Just like the odd apple with a fruit fly from a healthy organic apple tree.


#11

ok thanks for all the replies everyone. Looks like the consensus is SHB larvae and may not be a huge problem. Thanks again for your help.


#12

Hi Paul, it looks very much like SHB larvae. This is my closeup video of shb larvae.


cheers

PS, you’d need to physically check the flow frames as well as the brood. That larvae looks well developed. There could be more going on inside the hive than you bargain for.


#13

Hi again Paul. Just an after thought. Finding the odd SHB larvae in flow honey is not the same as finding the odd grub in an organic apple.

Treat the presence of SHB larvae in flow honey with a degree of urgency.

I don’t have to strain SHB larvae out of my honey. None whatsoever. Each frame to be harvested is closely inspected before & during the extraction process.

Before any SHB grubs develop, the beetles decap the honey in places before walking it over the face of the combs. That turns the honey rancid along with the characteristic odor. That wet appearance of the honey over the face of the honeycomb, caused by the beetles themselves is easily spotted during an inspection.

That’s one reason why the flow frames should be inspected before harvest in areas where SHB are active.


#14

I will bow to expertise, but I thought the larvae too big for SHB.
Regards


#15

Well, I confess to inspecting most of my flow frames days before harvest, and I have never seen a single sign of SHB on them.
We all know SHB are after other things in the brood box and surrounds. There’s not much of their interest in a flow frame.


#16

Actually, my neighbour treated it as a matter of urgency, and thought that this particular frame wasn’t held together enough with the wires. I suppose that could be an issue with the earlier run of flow frames.
He tightened the wire, as did I on some frames, and it never happened again.
Not sure if that was the issue, but as I said, I rarely even see any SHB any more. Hope I killed the crap out of them by now. The only hives that I find SHB in are the nucs I recently bought. The chase goes on.


#17

How did you handle the SHB problem? Sounds like you have them on the run.
Cheers


#18

Hi Peter,
I too wonder how I got on top of SHB, seeing others down town battling hundreds in their hives.
I suppose they never had a chance to breed in our soil. When I started with hives on our land, I imported SHB in my nucs. Then I started with oil traps and put an apithor trap onto each coreflute, and I killed what I saw. Saw the chooks picking like mad under my first hive. They must have found something.
Just became aware of SHB again bringing in new nucs…
Hope my strategy makes short life of those too.
Apithor for a while and chooks. Hygienic queens do the rest.


#19

Hi Peter, that larvae looks identical to the one in my video.

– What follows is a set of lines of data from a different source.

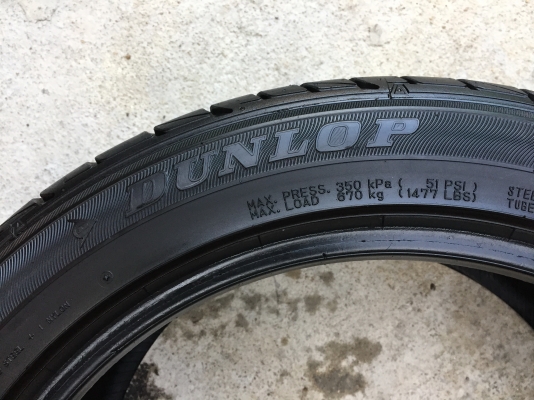 ยาง DUNLOP 235-45-17 ปี 15 ครบชุด 4 เส้น 4500 สภาพสวยๆไม่บวมไม่กินข้าง ดอกยางเหลือเยอะเอาไปวิ่งกันใด ยาง DUNLOP 235-45-17 ปี 15 ครบชุด 4 เส้น 4500 สภาพสวยๆไม่บวมไม่กินข้าง ดอกยางเหลือเยอะเอาไปวิ่งกันใด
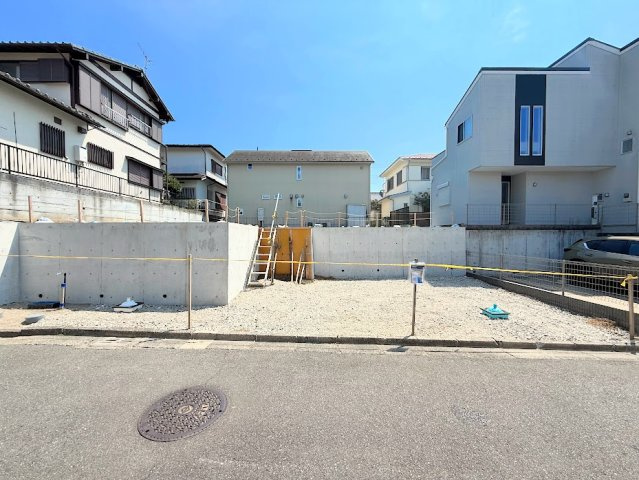 戸塚区柏尾町　売地の外観|◆一戸建てを中心とした街並みが整然と続き、周辺は高い建物が建っていないので、緑の多い閑静な趣を感じる環境です。街並みや周辺環境も重要なポイントです！！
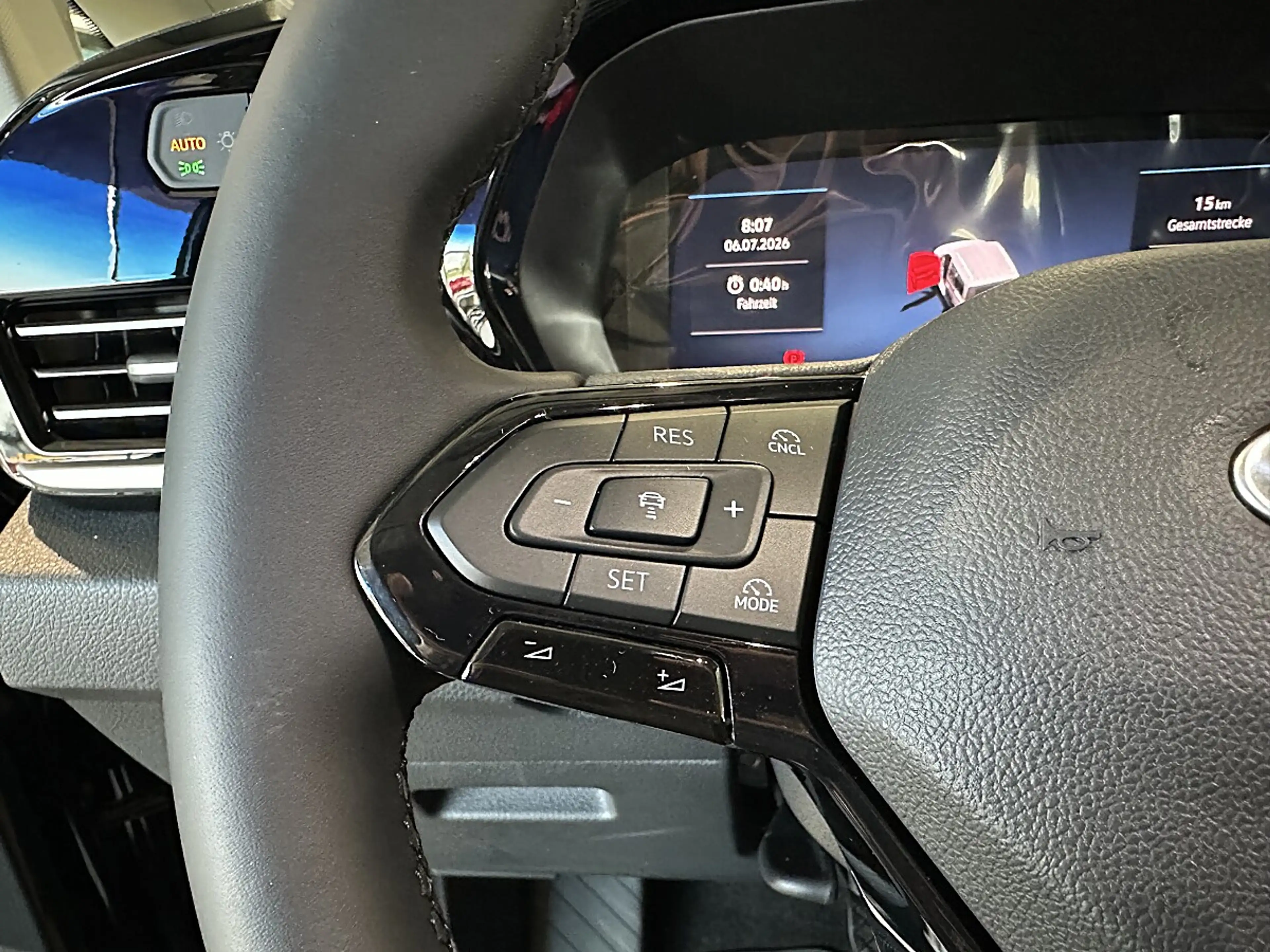 Ford Grand Tourneo Connect 2,0 EcoBlue L2 Titanium Aut. — photo 11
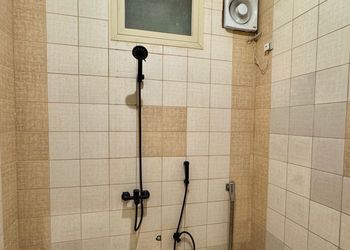 استديو بسرير ماستر وجلسة جانبية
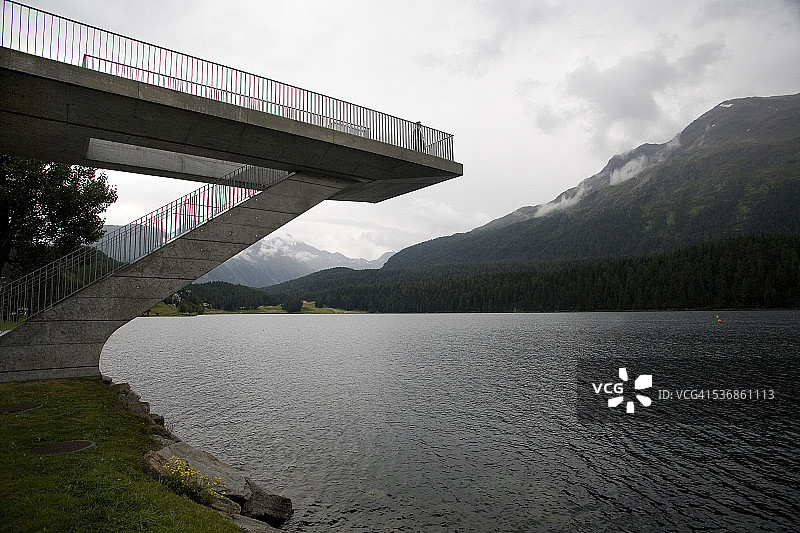 男子站在全景露台上图片素材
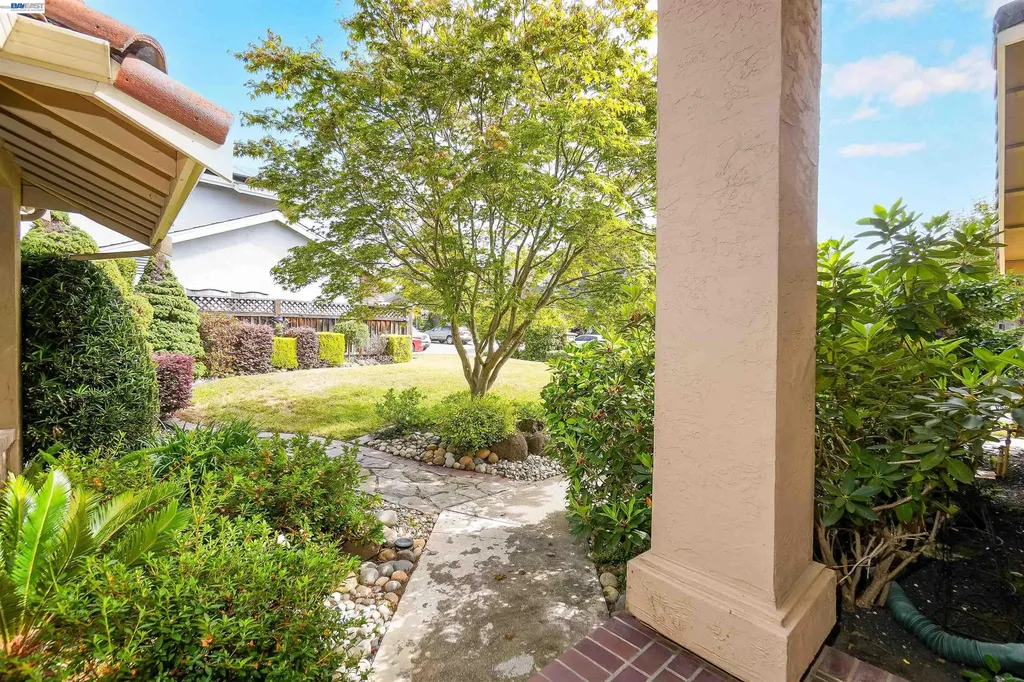 5922 Charter Oaks Drive Castro Valley CA 94552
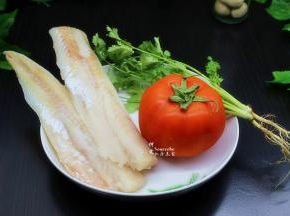 准备食材，狭鳕鱼条解冻、番茄、香菜、生姜、香葱等；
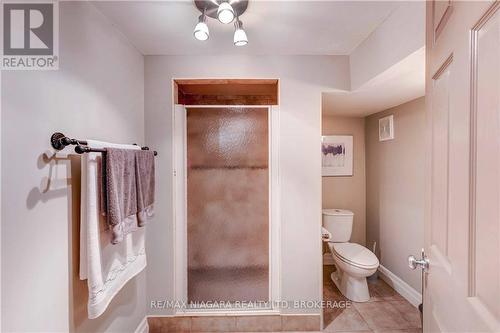 40 Mcdonald Avenue, Thorold, ON - Indoor Photo Showing Bathroom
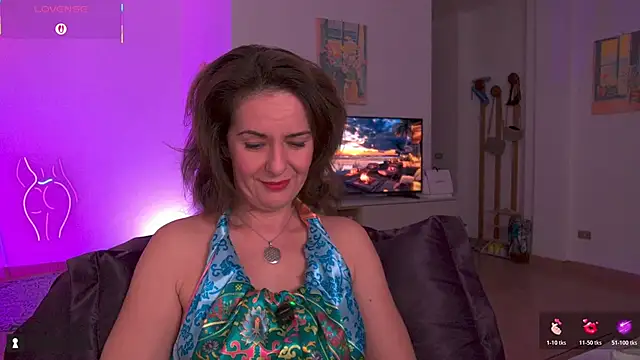 Snapshot of Witch_in_Silk chatting on October 31, 2025, 8:27 pm Witch in Silk online show from October 31, 2025, 8:27 pm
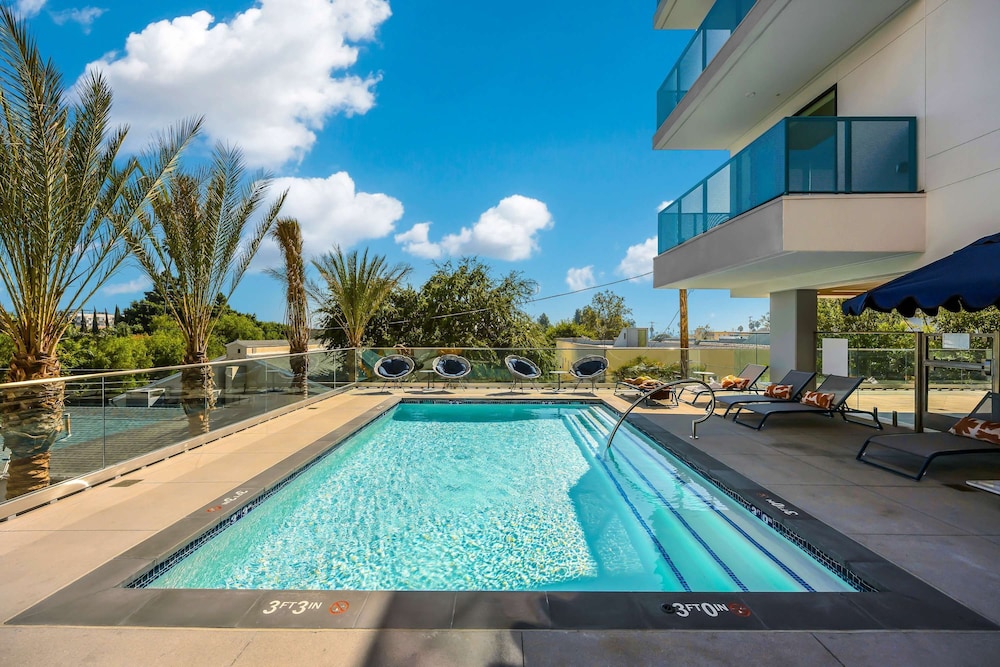 Luxury 2BR Hollywood Pool View by Oneluxstay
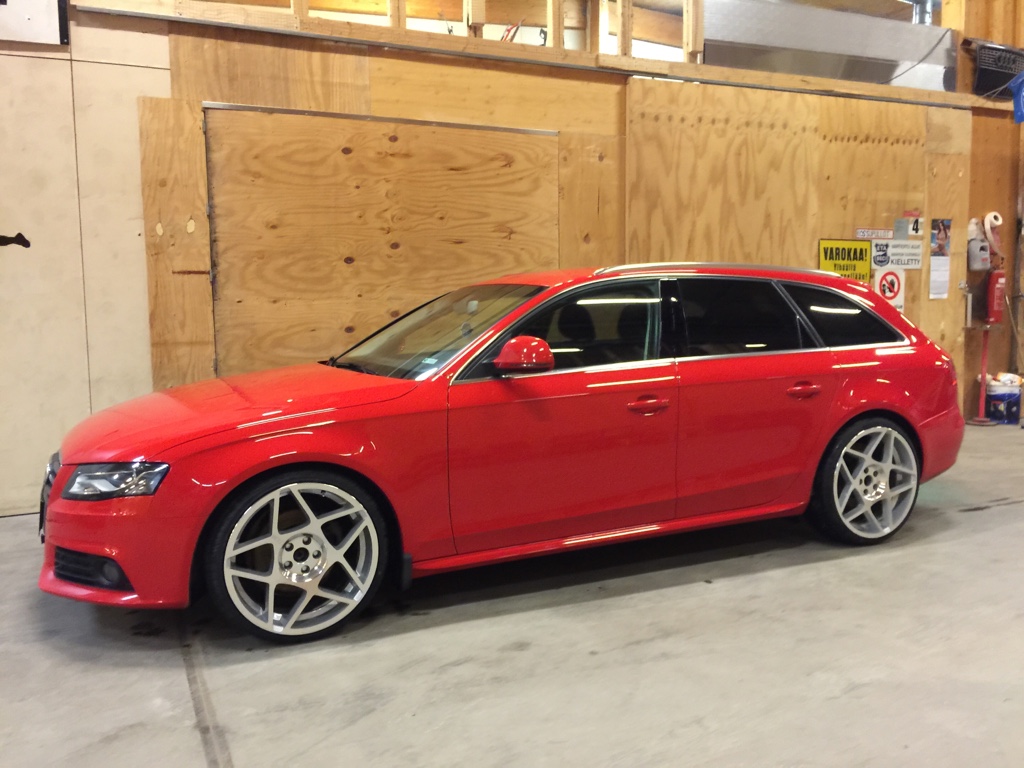 2010 Audi A4 photo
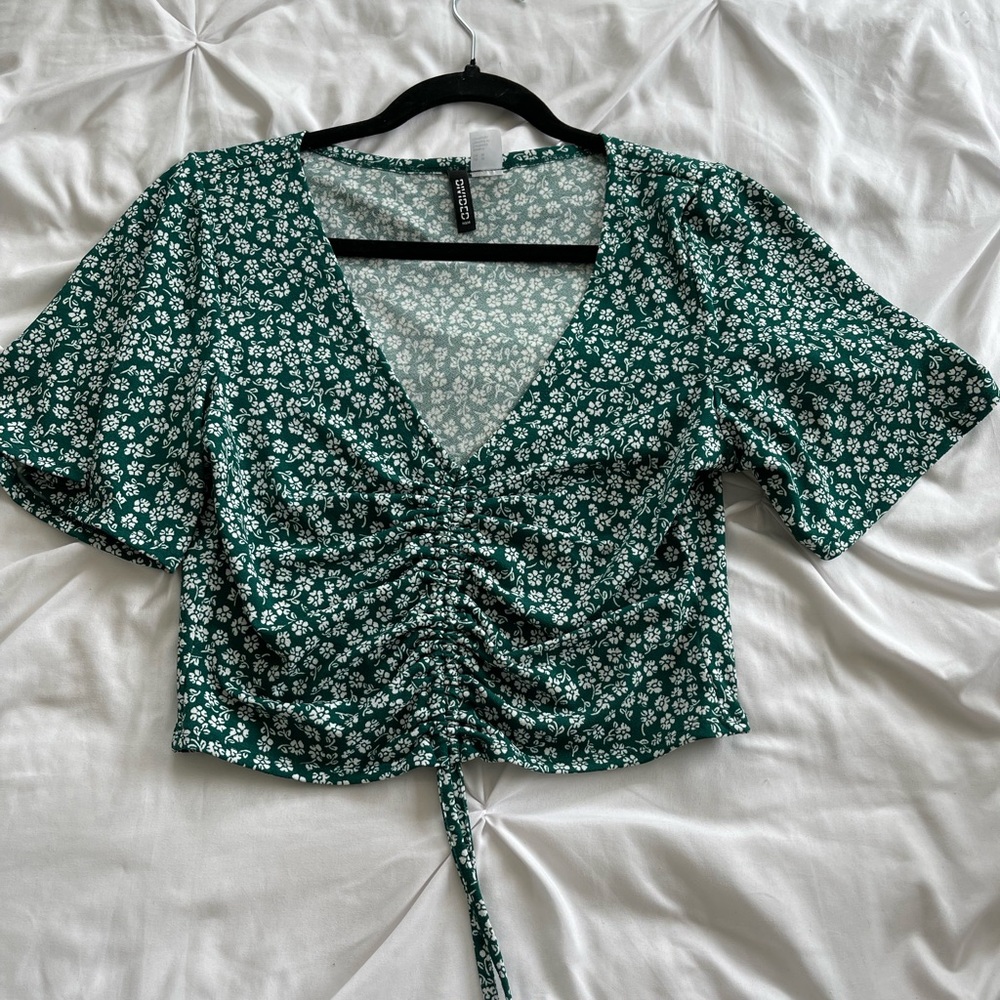 Cropped H&M top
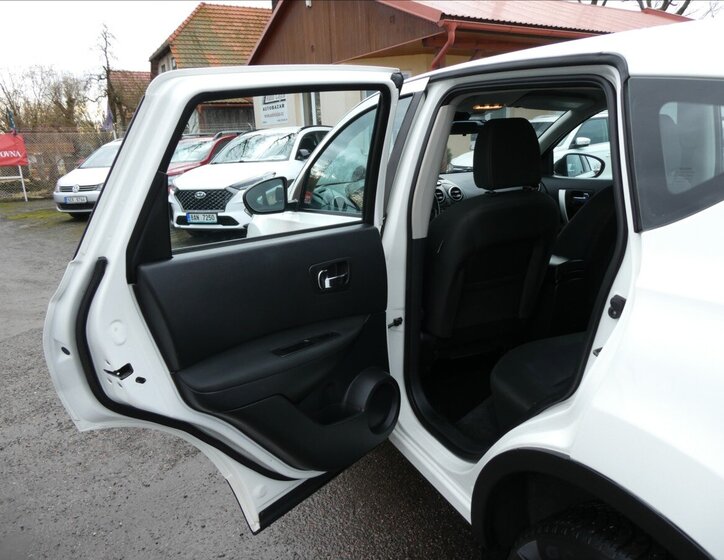 Nissan Qashqai SUV 2,0 l 104 kw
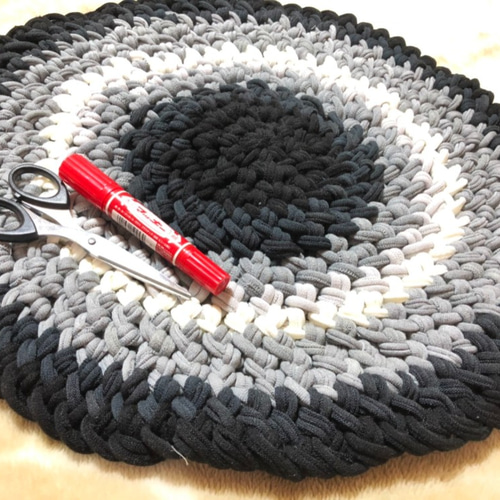 靴下のハギレで作った座布団マット ④ クッション・クッション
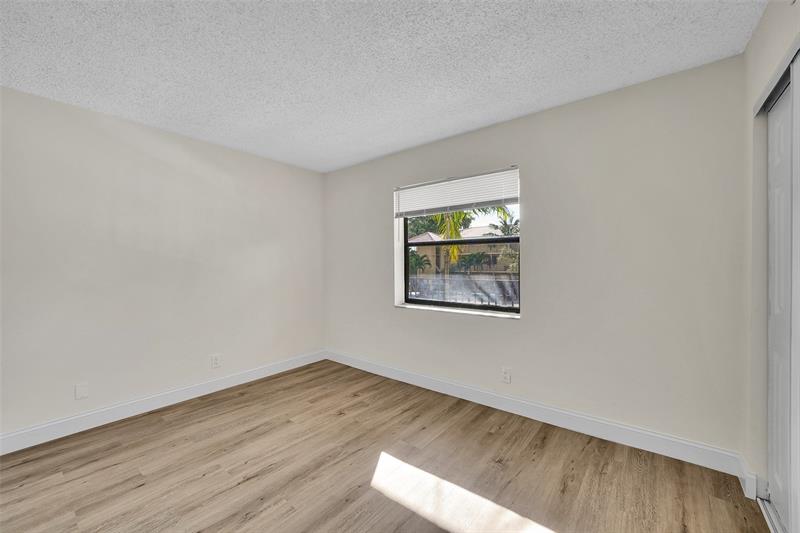 Image 17 of 27 For 11441 39th Ct  218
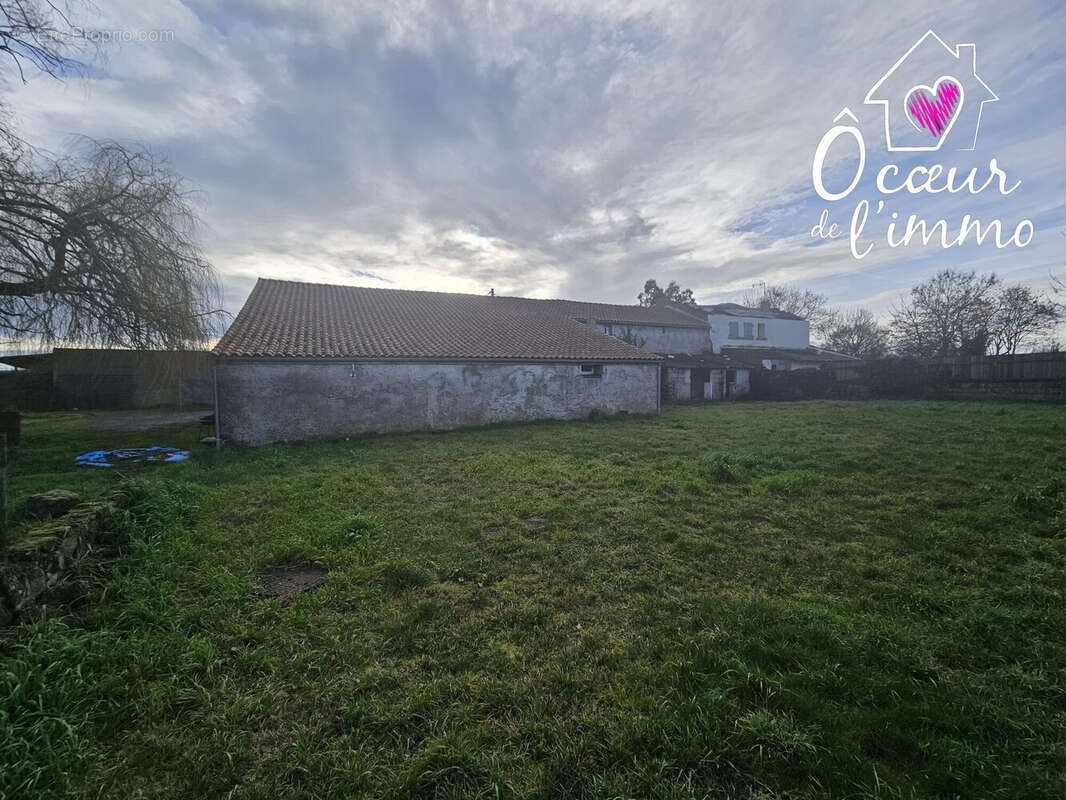 Maison à LES CERQUEUX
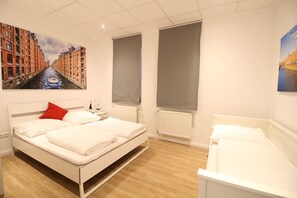 Free WiFi, bed sheets - Central Apartment Reeperbahn (Hamburg)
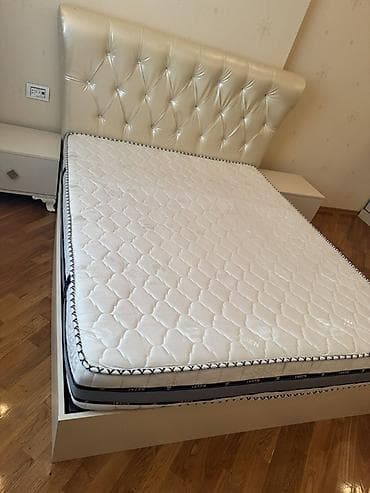 Yataq otağı dəsti Tərkibi: - Çarpayı: geniş ölçülü, yumşaq parlaq — 2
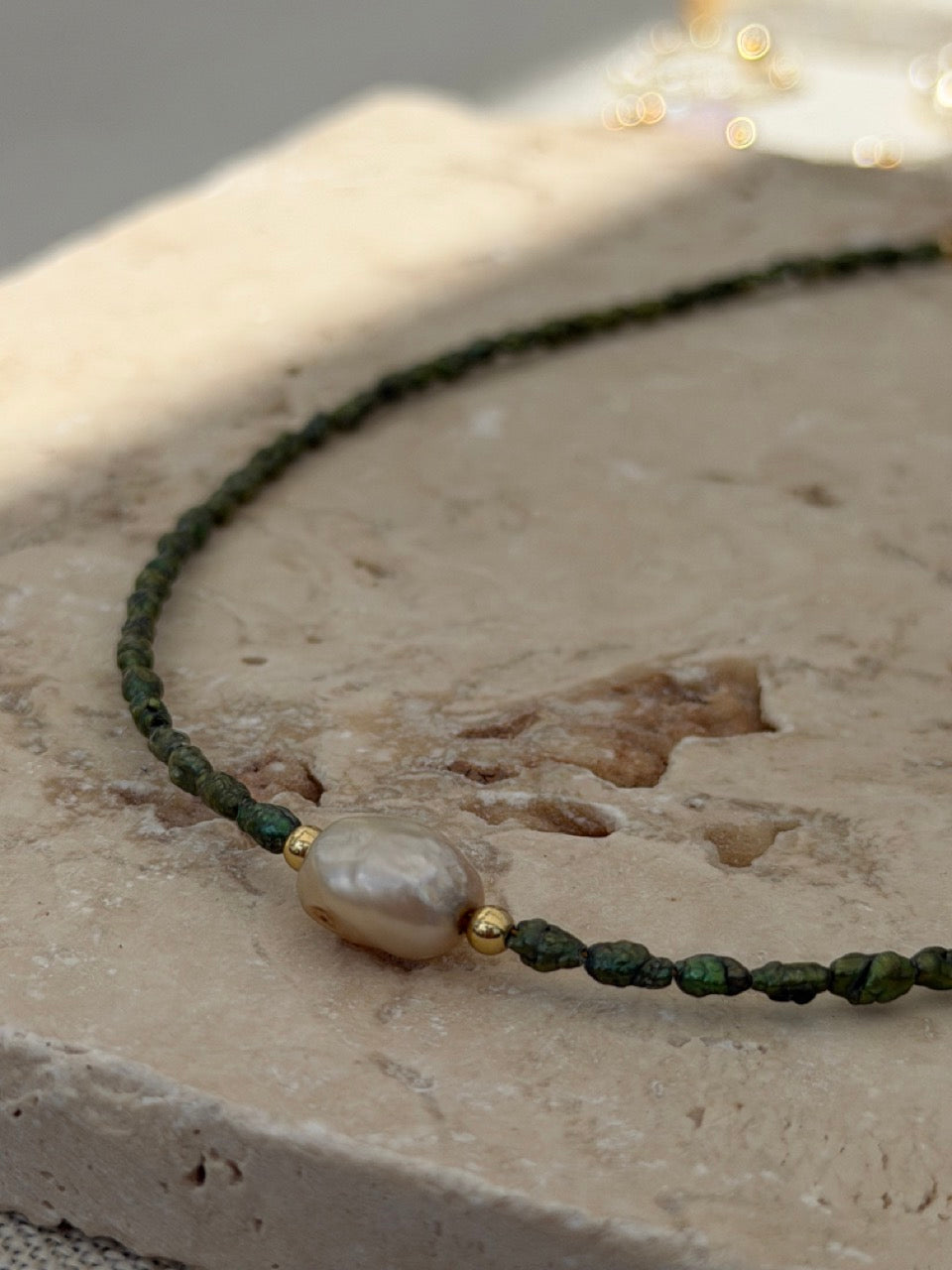 Oliva Pearl – Grüne Süßwasserperlenkette | Edelstahl 18K vergoldet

I have a theory as to how the larvae finished up in the flow honey. I think that maybe some bees got squashed during a previous harvest. The house bees were unable to remove the bodies, therefore the beetles are able to lay eggs in those bodies. Hence the larvae. A strong colony will overwhelm a small outbreak such as this. With a weaker colony, it will be a different story.

The presence of scores or even hundreds of SHBs in a strong colony has nothing to do with hygienic queens.

The presence of beetles in a healthy beehive doesn’t necessarily mean that beetles have bread in that hive. They had a chance to breed up somewhere else. It could be a neighbors hive or a wild colony that succumb to the SHB.

Once the beetles emerge as such, they venture out looking for other hives to infest.


#20

That theory makes perfect sense. Except flow harvesting has never killed any of my bees. But - flow frames are clumsy to inspect, guess that could kill a few. Once you know your bees and flow frames, one wouldn’t need to inspect before each harvest.
Regarding hygienic queens, the bees herd the beetles into the traps. They just don’t leave SHB in peace enough to lay eggs.